─── EXTRACTED ENTRIES ───

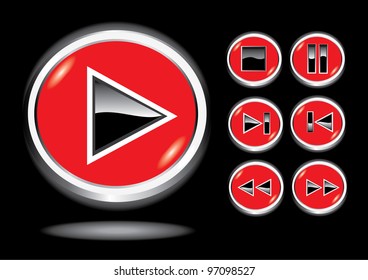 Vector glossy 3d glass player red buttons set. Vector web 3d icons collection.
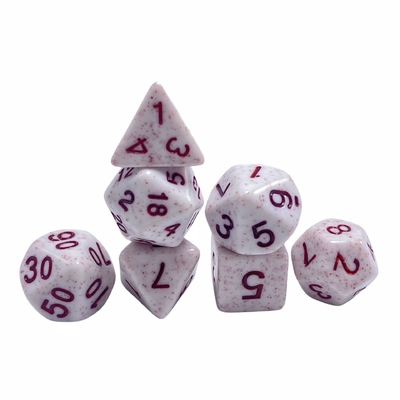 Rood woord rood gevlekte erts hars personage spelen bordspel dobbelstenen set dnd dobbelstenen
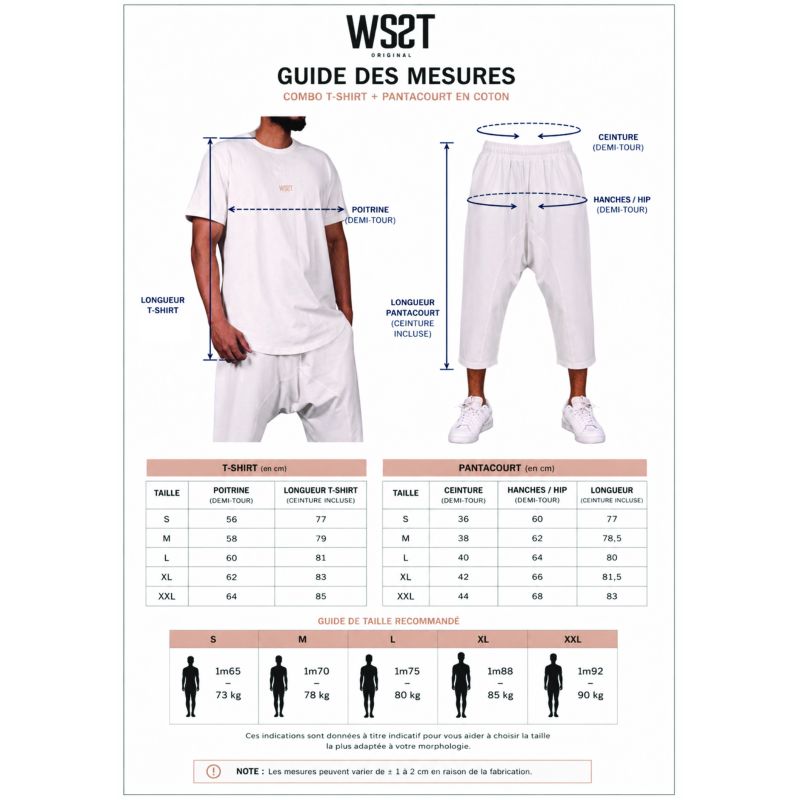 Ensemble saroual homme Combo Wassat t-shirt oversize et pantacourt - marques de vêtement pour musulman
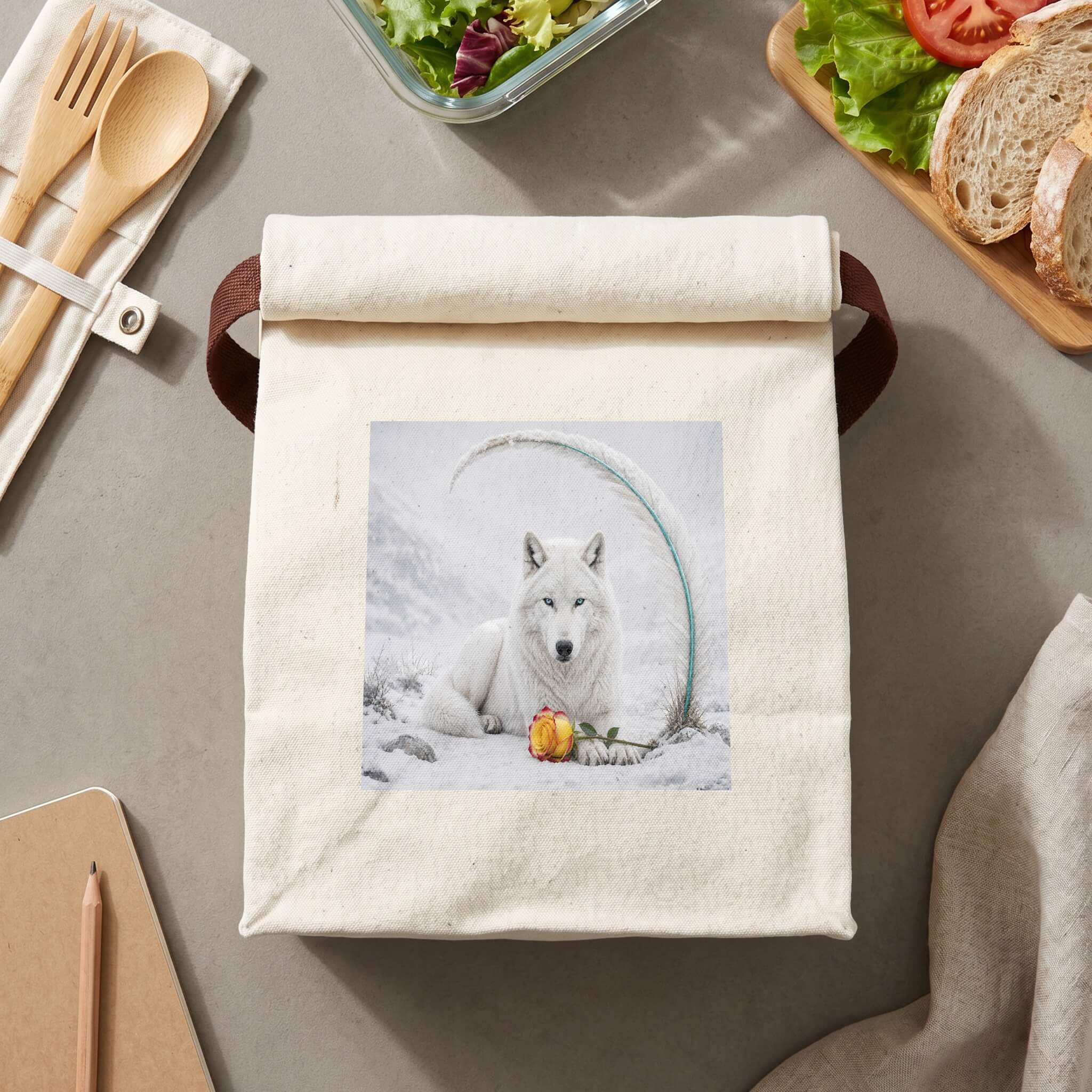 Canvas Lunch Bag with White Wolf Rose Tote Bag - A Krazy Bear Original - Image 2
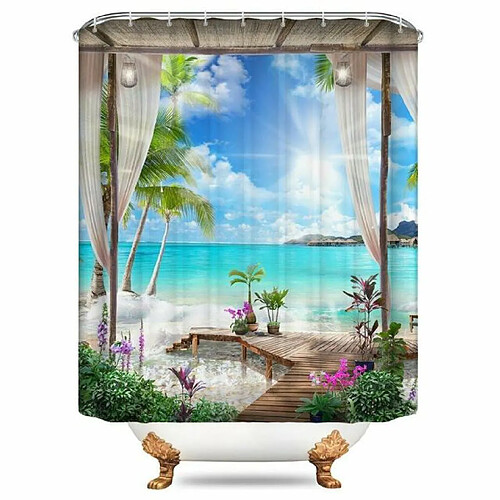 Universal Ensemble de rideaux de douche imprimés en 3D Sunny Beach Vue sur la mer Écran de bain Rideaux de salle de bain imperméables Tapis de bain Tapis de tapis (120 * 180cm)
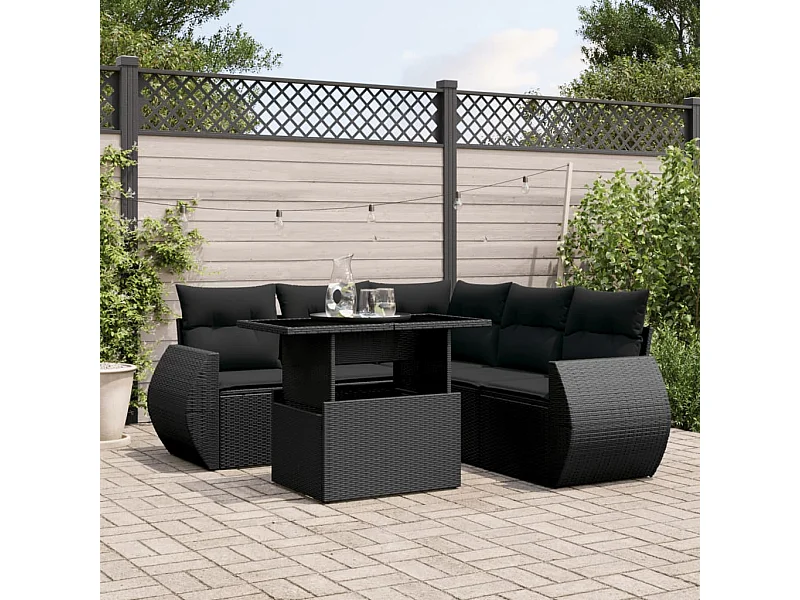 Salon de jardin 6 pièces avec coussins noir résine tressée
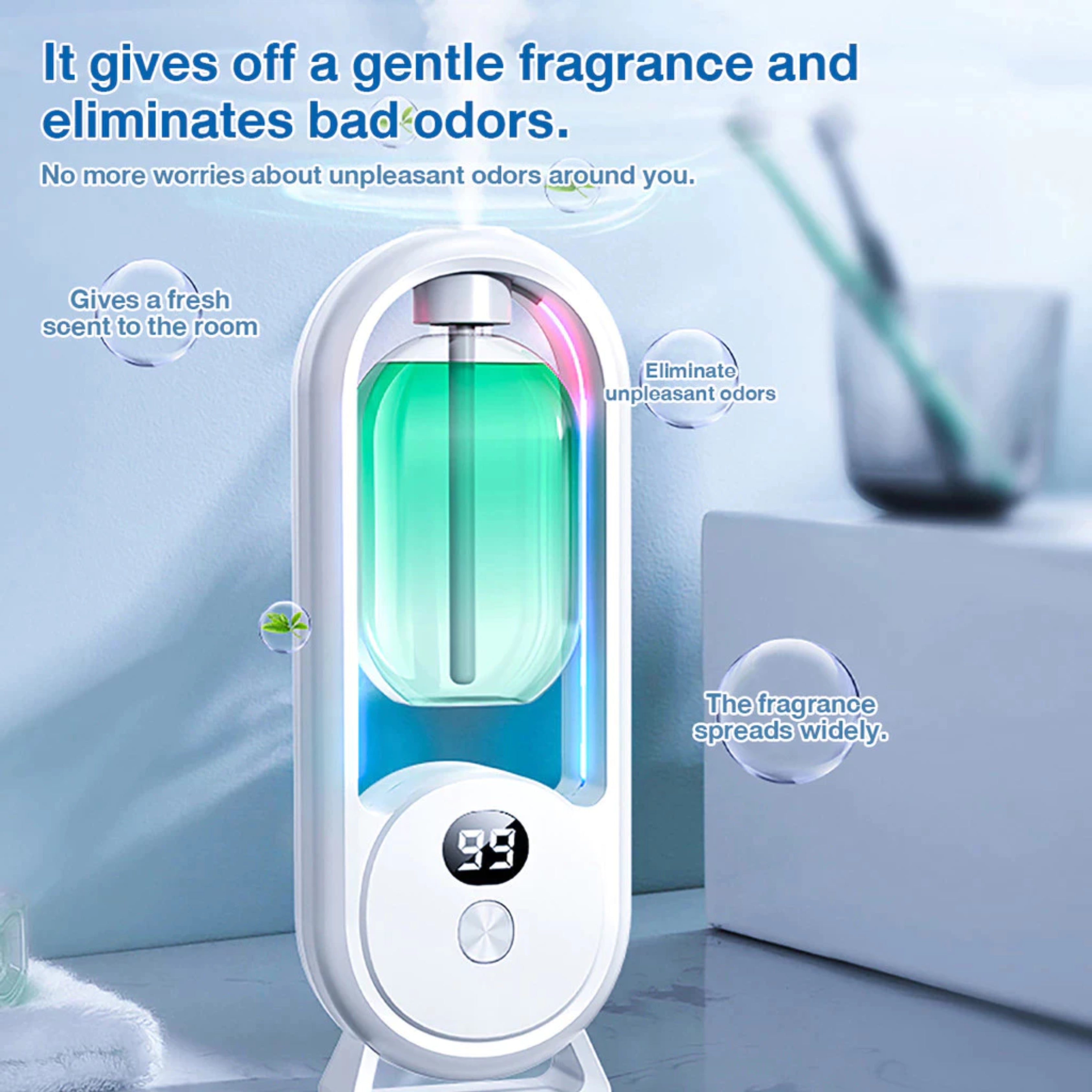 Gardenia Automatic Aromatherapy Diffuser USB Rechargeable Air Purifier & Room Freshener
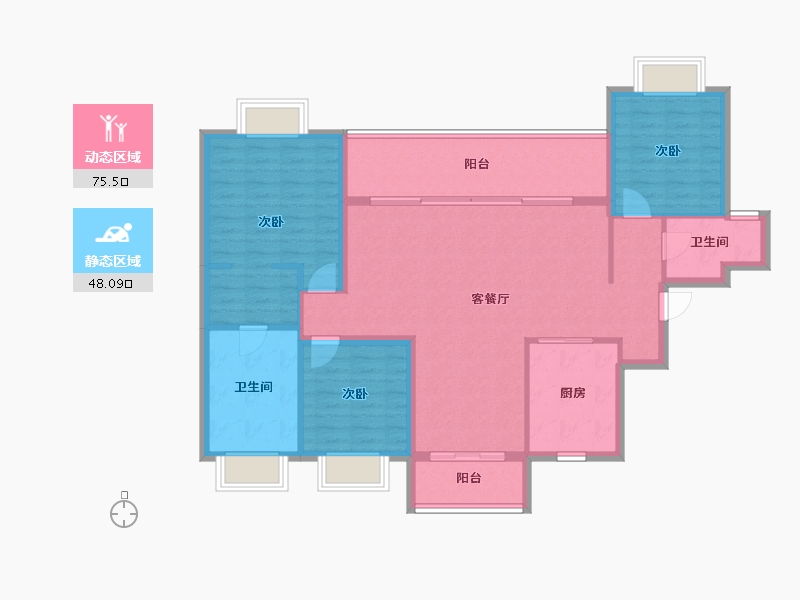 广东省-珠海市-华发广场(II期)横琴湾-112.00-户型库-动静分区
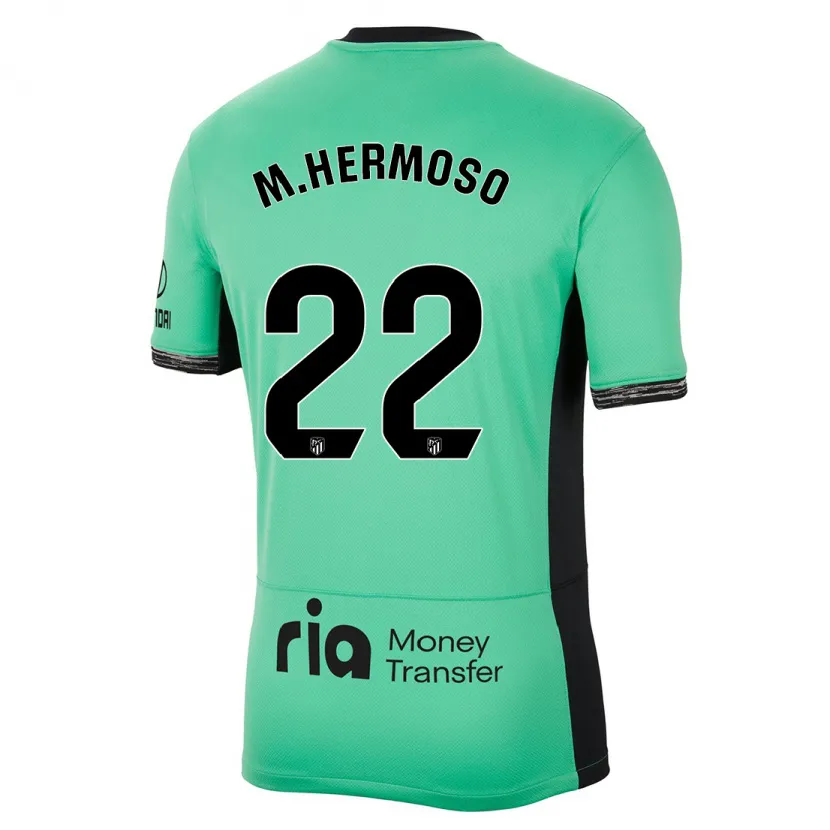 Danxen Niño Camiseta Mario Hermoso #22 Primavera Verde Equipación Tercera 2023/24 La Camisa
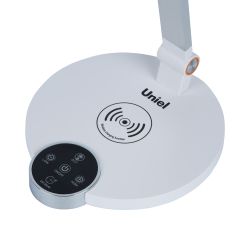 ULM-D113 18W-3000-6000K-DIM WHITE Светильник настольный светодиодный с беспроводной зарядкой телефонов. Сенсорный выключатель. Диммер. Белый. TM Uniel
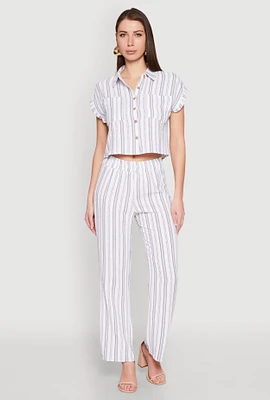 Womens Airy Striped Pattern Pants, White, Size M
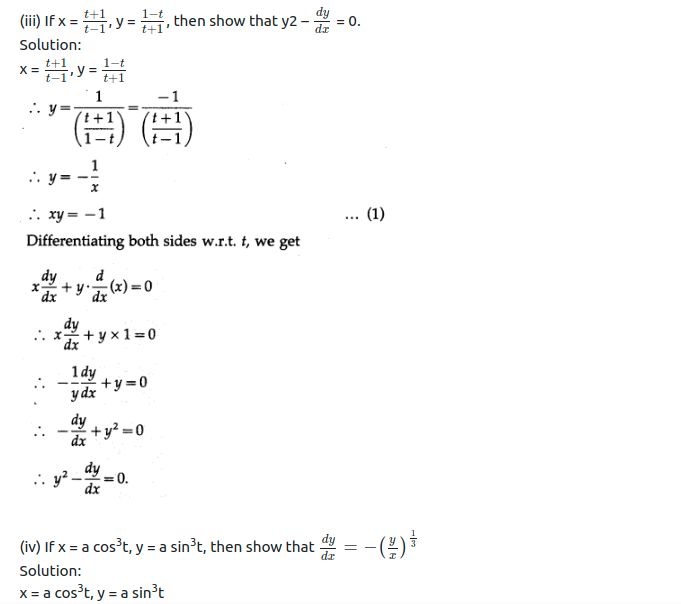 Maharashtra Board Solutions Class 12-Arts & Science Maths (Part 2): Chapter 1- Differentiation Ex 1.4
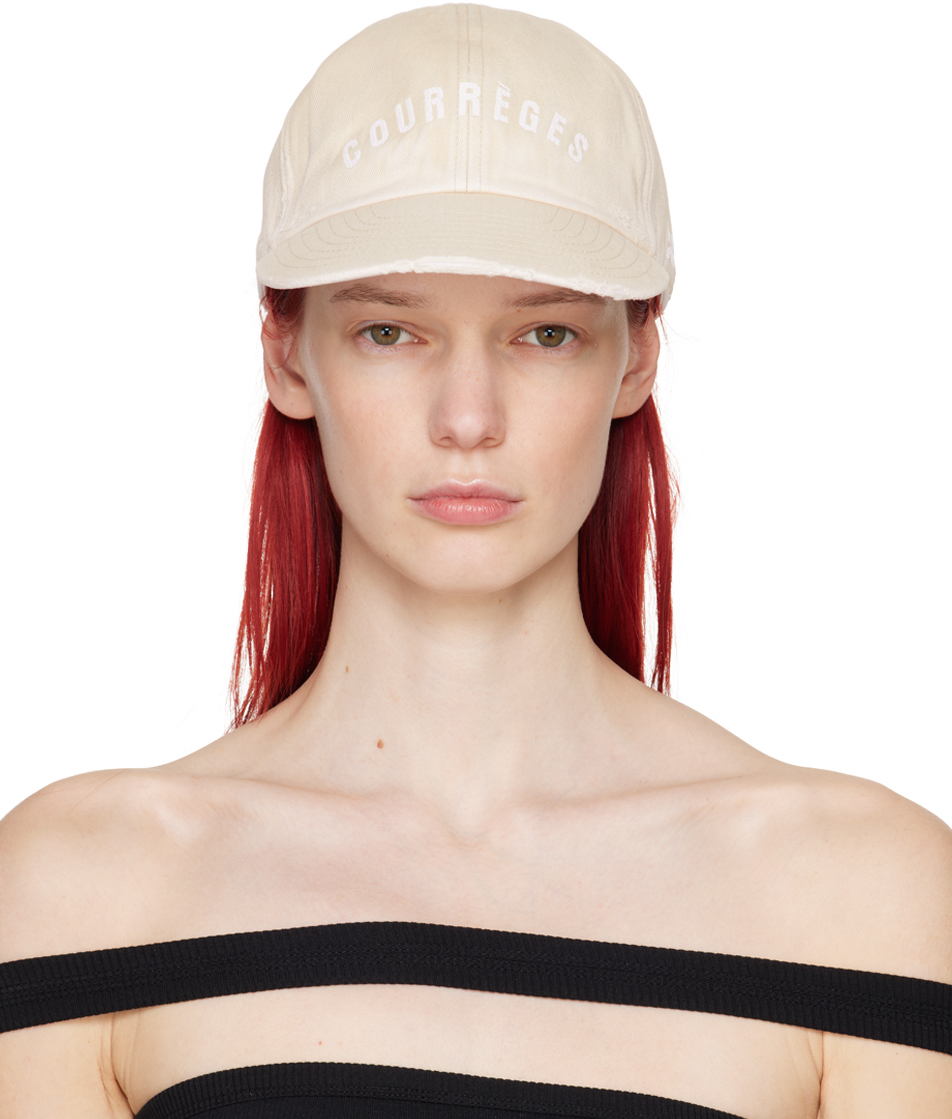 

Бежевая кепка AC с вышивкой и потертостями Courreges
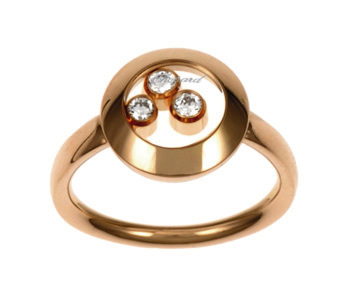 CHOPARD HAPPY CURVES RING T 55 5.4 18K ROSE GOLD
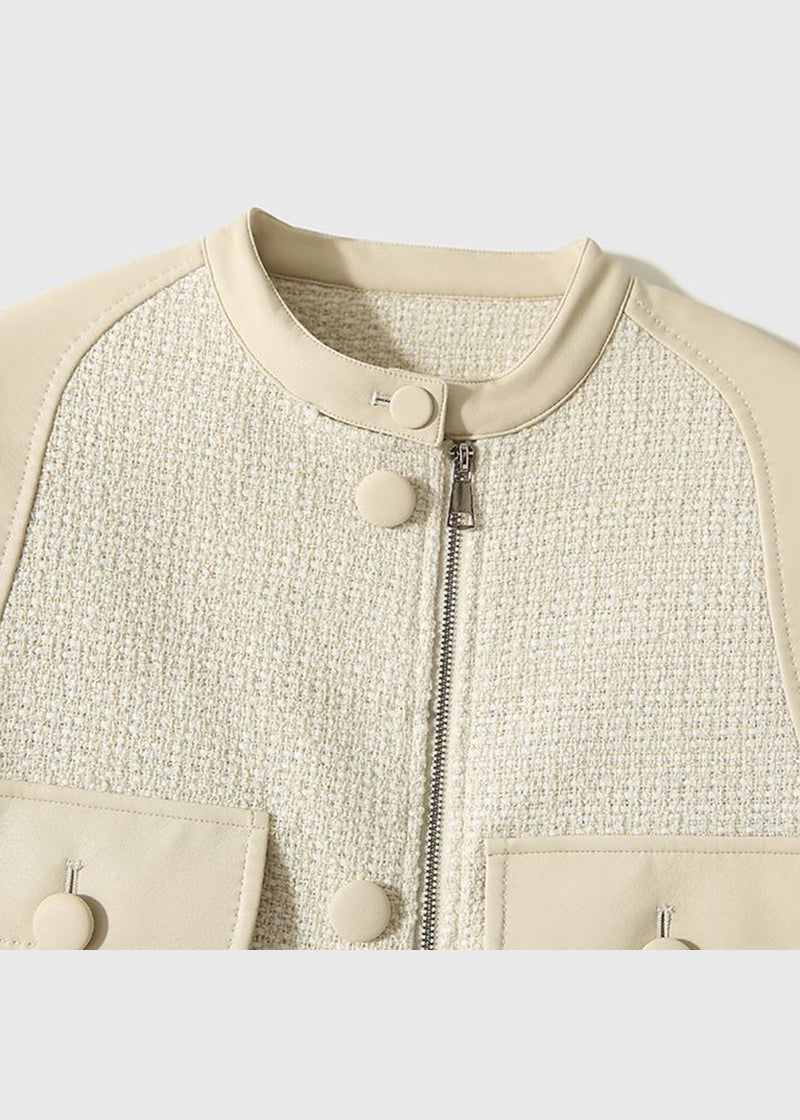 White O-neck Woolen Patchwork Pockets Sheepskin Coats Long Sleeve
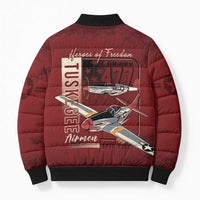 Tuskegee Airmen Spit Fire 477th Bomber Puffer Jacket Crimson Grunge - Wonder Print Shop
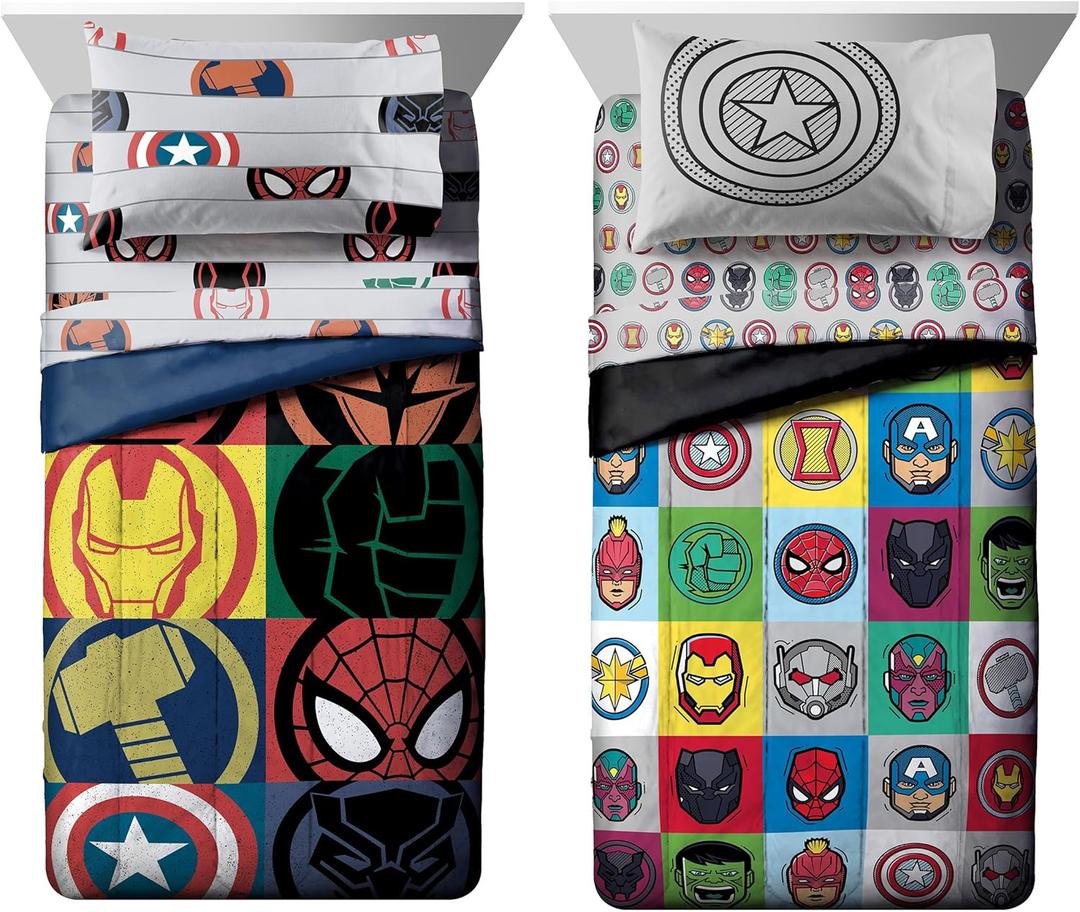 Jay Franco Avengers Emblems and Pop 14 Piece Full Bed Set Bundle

───

= DESCRIPTION OF THE TASK =
Retype each line of the data exactly, beginning with the first; include the line containing "Rood woord rood" and stop there, skipping every picture.

= RESPONSE TO THIS TASK =
 Vector glossy 3d glass player red buttons set. Vector web 3d icons collection.
 Rood woord rood gevlekte erts hars personage spelen bordspel dobbelstenen set dnd dobbelstenen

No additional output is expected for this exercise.